# Locality Sensitive Hashing

In this assignment you will implement localitiy sensitive hashing step-by-step and apply that on detecting almost duplicate names. You are required to implement the functions as instructed. Do not change the signatures of the functions.

## Submission instruction

Submit a text file with extension .py containing the functions you have implemented. You can simply use the "download as" option from Jupyter notebook to export the notebook as a .py file. The filename should be LSH_{YOUR_ROLL_NO}.py where {YOUR_ROLL_NO} is your 6 letter roll number. For example, a sample file name would be LSH_CS1702.py. Please take this seriously and name the file correctly. 

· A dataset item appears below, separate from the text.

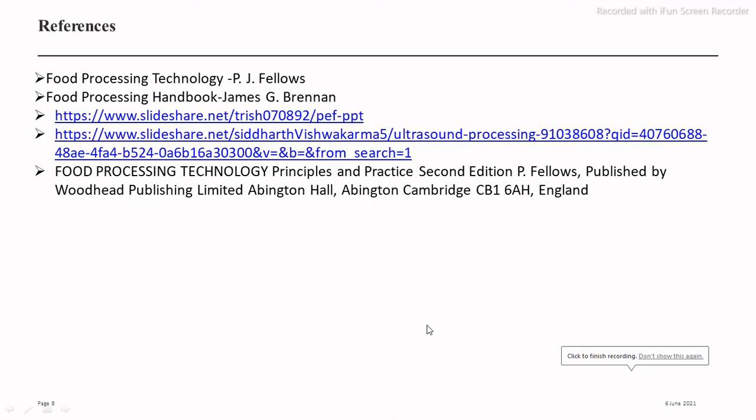These are the references used for the preparation of this video. In this video discussion, we discussed what is meant by ultrasonic processing, low intensity and high intensity ultrasonic processes, principles, advantages, and applications in food processing. Thank you very much.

## Important: do not change the function signatures

You need to implement the functions given in this notebook. You may define more functions at your will if you need to, but make sure you implement the functions given and do not change their signatures. Before submitting, remove unnecessary print / collect statements in order to avoid too much console output. 

## Setup environment

We need to setup pyspark and pydrive. 

In [2]:
!pip install pyspark
!pip install -U -q PyDrive
!apt install openjdk-8-jdk-headless -qq
import os
os.environ["JAVA_HOME"] = "/usr/lib/jvm/java-8-openjdk-amd64"

openjdk-8-jdk-headless is already the newest version (8u272-b10-0ubuntu1~18.04).
0 upgraded, 0 newly installed, 0 to remove and 11 not upgraded.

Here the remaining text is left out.